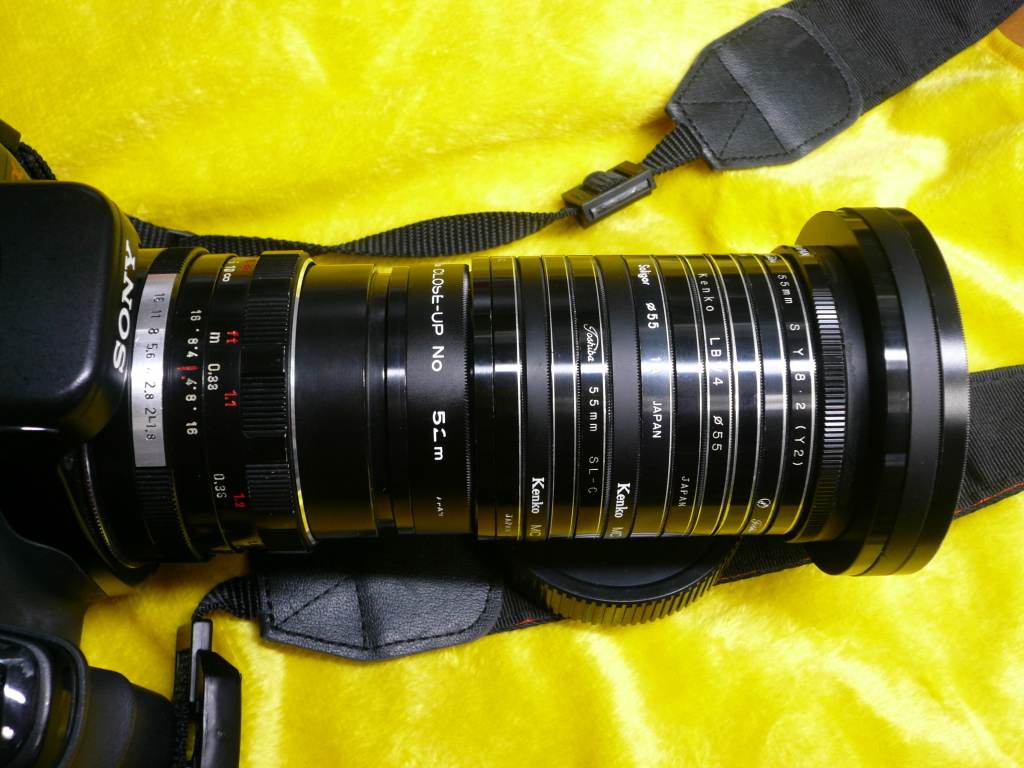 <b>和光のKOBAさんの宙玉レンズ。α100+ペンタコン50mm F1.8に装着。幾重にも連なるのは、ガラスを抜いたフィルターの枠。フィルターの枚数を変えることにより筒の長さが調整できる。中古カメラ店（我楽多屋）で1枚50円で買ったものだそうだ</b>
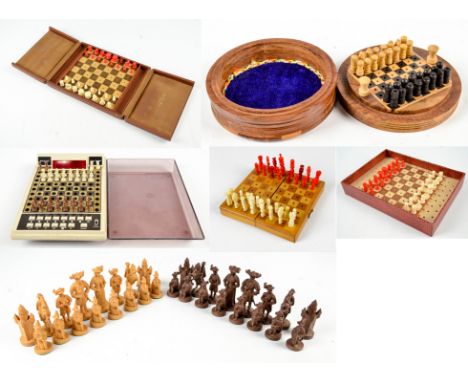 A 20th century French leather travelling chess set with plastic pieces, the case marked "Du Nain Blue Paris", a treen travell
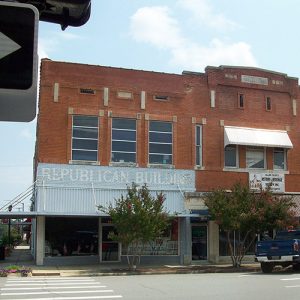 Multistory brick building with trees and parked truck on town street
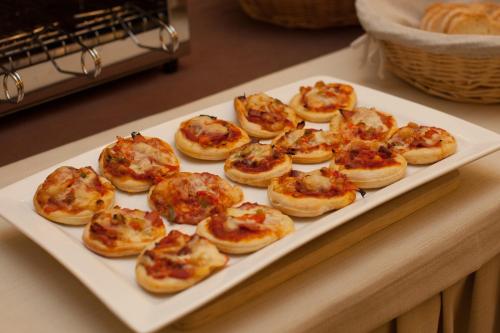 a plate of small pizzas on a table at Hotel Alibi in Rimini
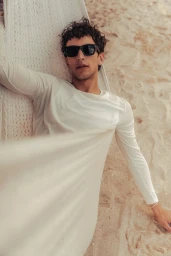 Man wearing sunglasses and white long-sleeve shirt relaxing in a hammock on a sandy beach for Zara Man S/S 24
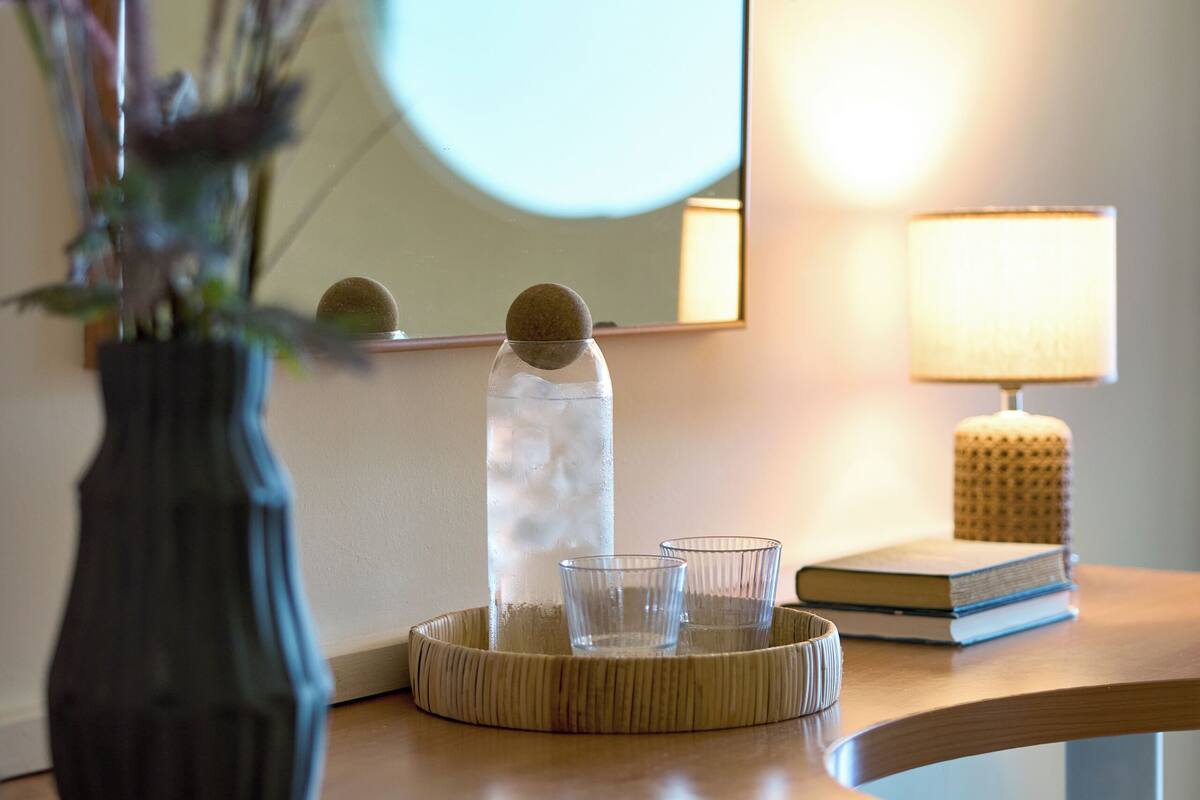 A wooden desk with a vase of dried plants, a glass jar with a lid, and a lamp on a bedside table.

━━━━━━━━

### Exercise prompt
Full copy, no pictures: write out each line of the data exactly as it stands.

### Solution to the exercise
 <b>和光のKOBAさんの宙玉レンズ。α100+ペンタコン50mm F1.8に装着。幾重にも連なるのは、ガラスを抜いたフィルターの枠。フィルターの枚数を変えることにより筒の長さが調整できる。中古カメラ店（我楽多屋）で1枚50円で買ったものだそうだ</b>
 A 20th century French leather travelling chess set with plastic pieces, the case marked "Du Nain Blue Paris", a treen travell
 Multistory brick building with trees and parked truck on town street
 a plate of small pizzas on a table at Hotel Alibi in Rimini
 Man wearing sunglasses and white long-sleeve shirt relaxing in a hammock on a sandy beach for Zara Man S/S 24
 A wooden desk with a vase of dried plants, a glass jar with a lid, and a lamp on a bedside table.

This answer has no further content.